**Exercise directions:** Write every entry out again exactly, please, and skip the pictures.

###

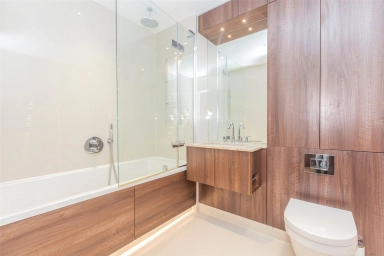 Longfield Avenue, Ealing - W5 view 10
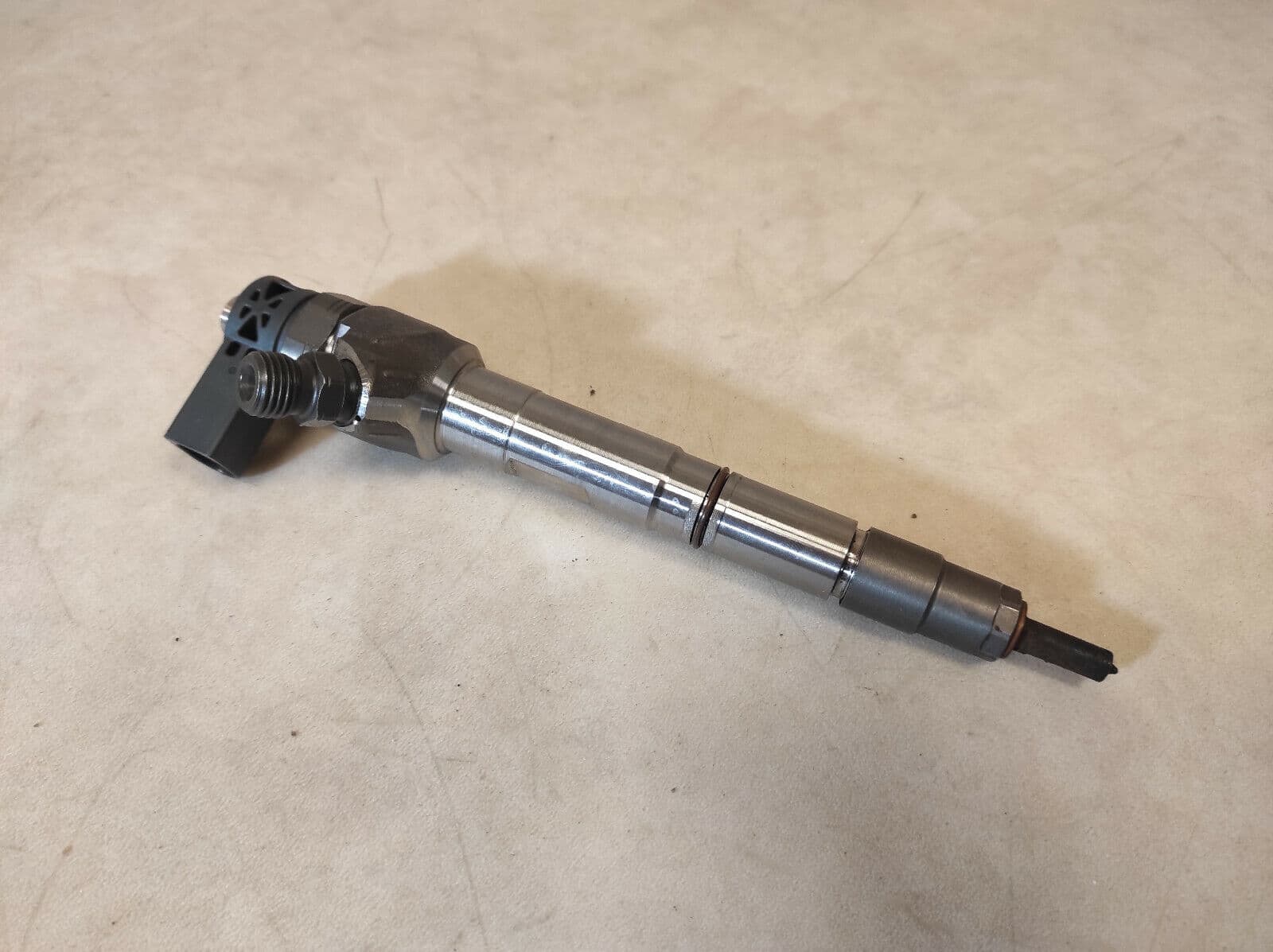 AUDI AUDI A3 A4 A5 SEAT LEON SKODA VW FUEL INJECTOR NOZZLE 04L130277AE 04L 130 277 AE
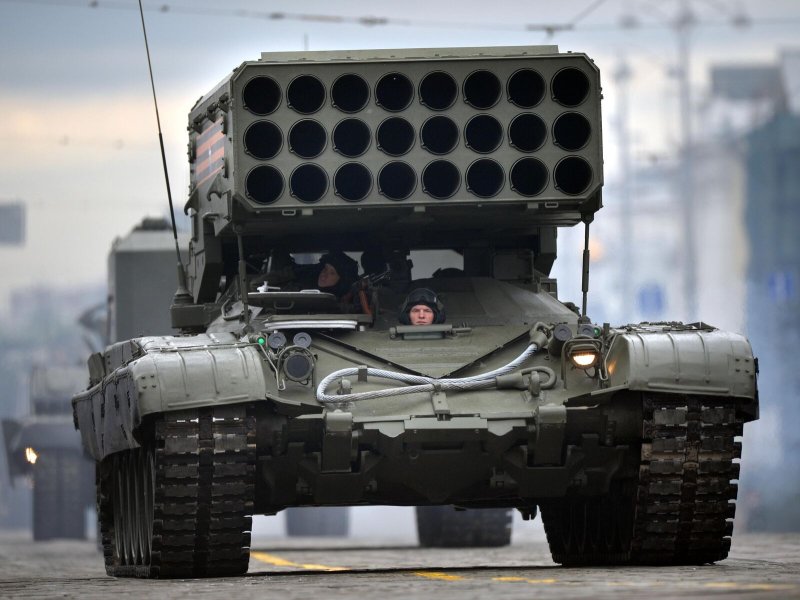 Огнеметная система ТОС-1 "Буратино"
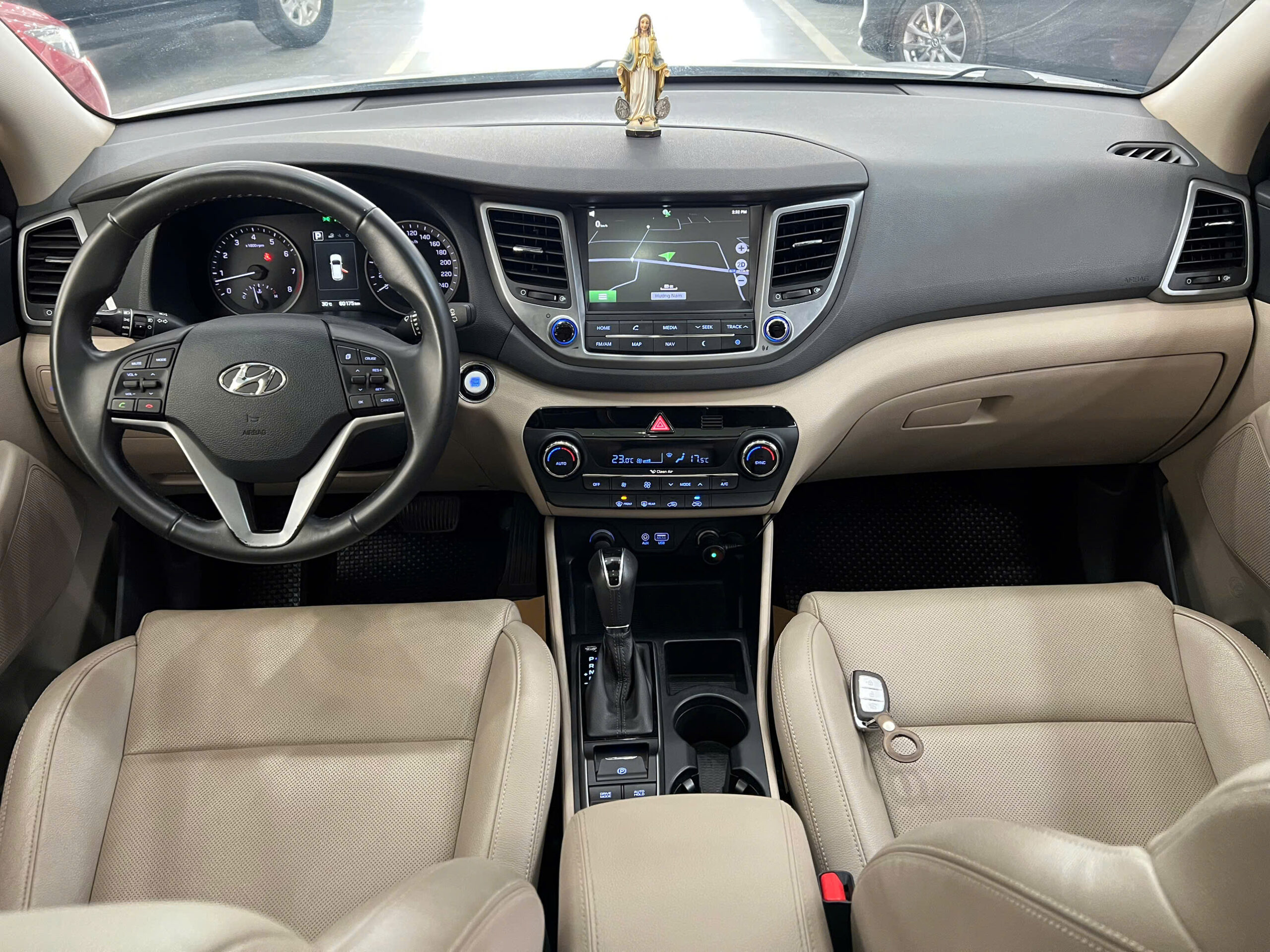 HYUNDAI TUCSON XĂNG ĐẶC BIỆT 2019 MẪU CŨ TRẮNG (8)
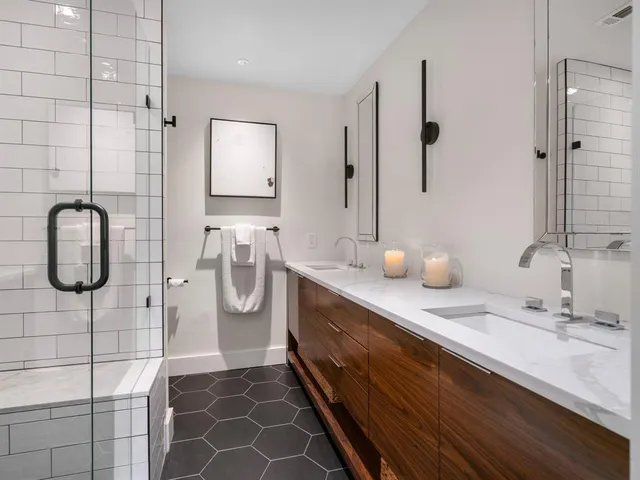 $690,000 | 9124 Westglen Drive, Dallas, TX 75228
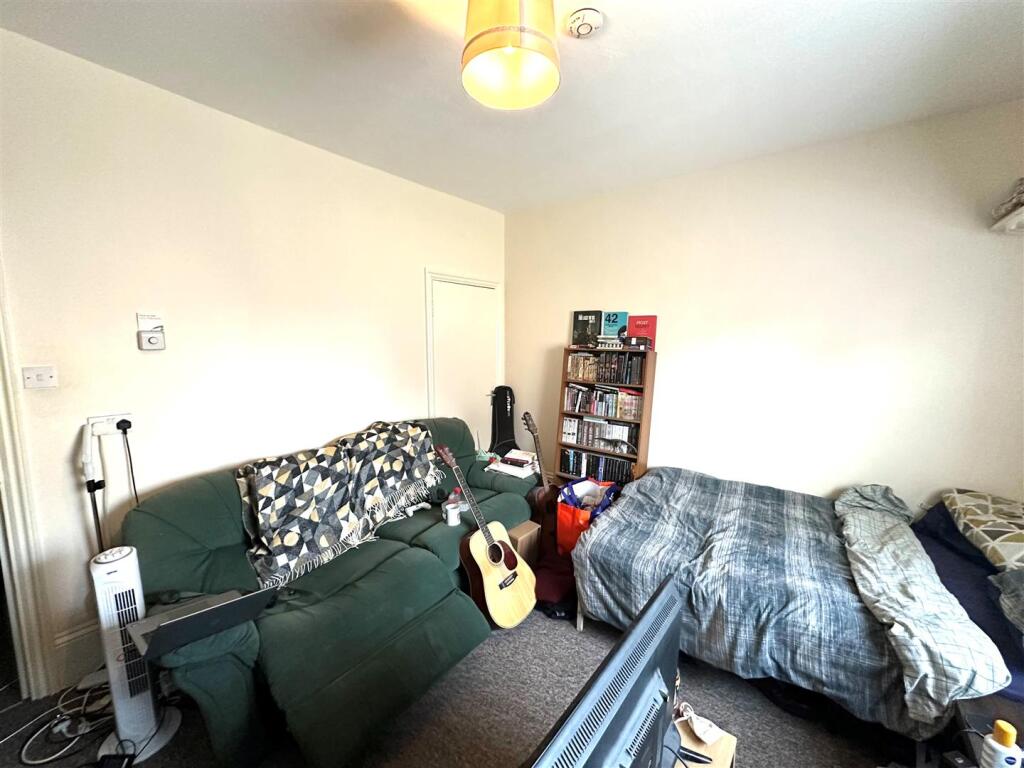 Main image of property: London Road, Southborough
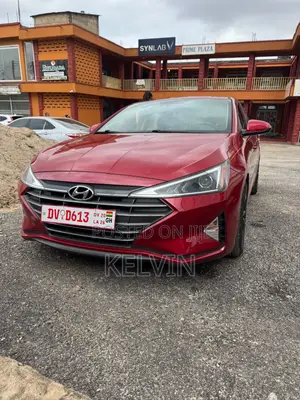 2019 Hyundai Elantra SE Red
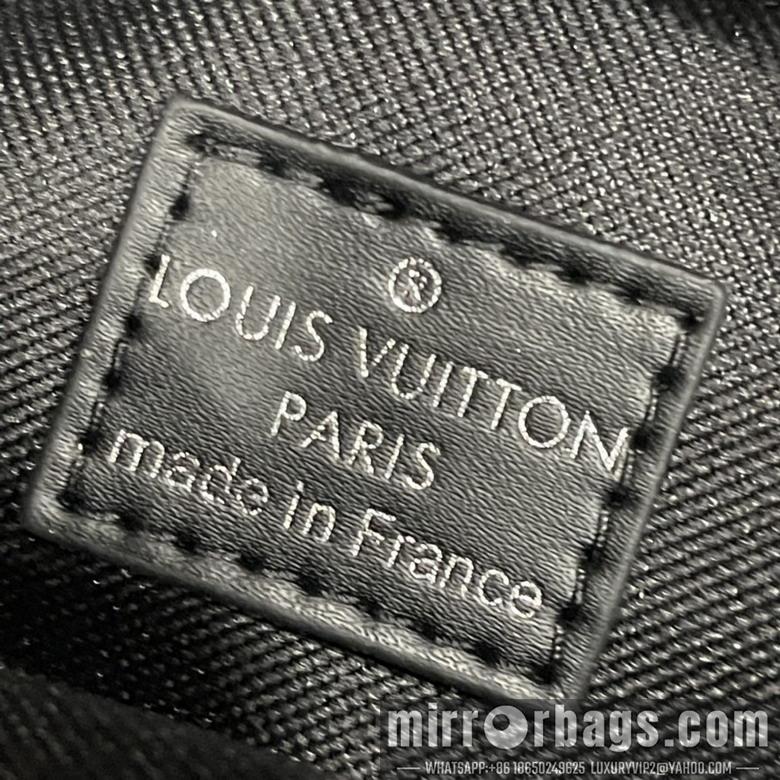 1:1 Louis Vuitton Bags District M11657 22.5x15.5x7.5cm ss1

###

**Task output:**
 Longfield Avenue, Ealing - W5 view 10
 AUDI AUDI A3 A4 A5 SEAT LEON SKODA VW FUEL INJECTOR NOZZLE 04L130277AE 04L 130 277 AE
 Огнеметная система ТОС-1 "Буратино"
 HYUNDAI TUCSON XĂNG ĐẶC BIỆT 2019 MẪU CŨ TRẮNG (8)
 $690,000 | 9124 Westglen Drive, Dallas, TX 75228
 Main image of property: London Road, Southborough
 2019 Hyundai Elantra SE Red
 1:1 Louis Vuitton Bags District M11657 22.5x15.5x7.5cm ss1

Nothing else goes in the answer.